Nous vivons au confluent de grandes cultures, dans une situation tout à fait exceptionnelle. Nous nous devons d’abord, soyons bien clairs, de nous alimenter à la source française. Nous avons besoin de la France et de la francophonie comme une sorte d’oxygène spirituel. Mais en même temps c’est ici, sur cette terre américaine, que nous relevons le défi de notre originalité. Notre sensibilité tout américaine devrait nous conférer un avantage particulier dans la critique des États-Unis. Nous savons de quoi nous parlons quand nous traitons de l’Amérique, de ses carences, de ses déboires, de ses illusions. Certes, nous pouvons à cet égard entretenir un dialogue fructueux avec des Européens, mais n’allons pas nous priver de cette perspective qui est la nôtre.

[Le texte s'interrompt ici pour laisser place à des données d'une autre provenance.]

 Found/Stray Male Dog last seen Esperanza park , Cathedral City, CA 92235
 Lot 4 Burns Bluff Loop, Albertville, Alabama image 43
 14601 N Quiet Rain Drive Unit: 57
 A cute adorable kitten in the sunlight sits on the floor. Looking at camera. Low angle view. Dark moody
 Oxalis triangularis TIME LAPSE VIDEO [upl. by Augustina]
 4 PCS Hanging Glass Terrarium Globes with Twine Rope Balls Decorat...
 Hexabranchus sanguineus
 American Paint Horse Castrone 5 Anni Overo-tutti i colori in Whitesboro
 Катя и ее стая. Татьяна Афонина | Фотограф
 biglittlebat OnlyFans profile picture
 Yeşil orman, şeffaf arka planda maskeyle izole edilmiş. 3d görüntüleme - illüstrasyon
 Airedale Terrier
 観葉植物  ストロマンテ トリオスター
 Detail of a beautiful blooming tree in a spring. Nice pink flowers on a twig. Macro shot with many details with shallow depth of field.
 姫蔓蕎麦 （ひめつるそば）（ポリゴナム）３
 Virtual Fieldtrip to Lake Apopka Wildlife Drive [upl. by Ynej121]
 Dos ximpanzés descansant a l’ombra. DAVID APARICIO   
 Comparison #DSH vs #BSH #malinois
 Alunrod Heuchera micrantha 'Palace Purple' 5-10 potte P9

À la base de l’antiaméricanisme, il y a une ignorance crasse de la réalité américaine et de sa culture. Cette ignorance est compréhensible et, à la limite, pardonnable pour ceux qui vivent loin des États-Unis. Elle ne l’est vraiment plus pour des Canadiens qui appartiennent à l’Amérique du Nord, qui en vivent et qui en profitent, tout particulièrement pour des intellectuels qui n’ont pas le droit de se fermer les yeux devant la complexité, la diversité et la richesse culturelle du grand pays voisin, fût-il à la tête d’un empire. Détestable à plus d’un titre comme le sont toutes les puissances impériales, celle-ci l’est sans doute moins que bien d’autres.
Louis Balthazar*
NOTES
* Louis Balthazar est professeur émérite au Département de science politique de l’Université Laval. Il est aussi président de l’Observatoire sur les États-Unis à la Chaire Raoul-Dandurand en études stratégiques et diplomatiques à l’uqàm. Il a publié récemment, avec Alfred O. Hero fils, Le Québec dans l’espace américain (Montréal, Québec Amérique, 1999) et, avec Charles-Philippe David et Justin Vaïsse, La politique étrangère des États-Unis. Fondements, acteurs, formulations (Paris, Presses de Science Po, 2003).
1. Jean-Paul Brodeur, « États-Unis : les armées de la compassion », Le Devoir, Montréal, 20 nov. 2004, p. b5.
2. Le grand clivage du vote à l’élection présidentielle de 2004, ce n’est pas tellement celui des régions, identifiées en bleu ou en rouge. C’est bien davantage celui de la densité de population. Ce sont les gens qui vivent dans des territoires à faible densité de population qui ont donné la victoire à George W. Bush.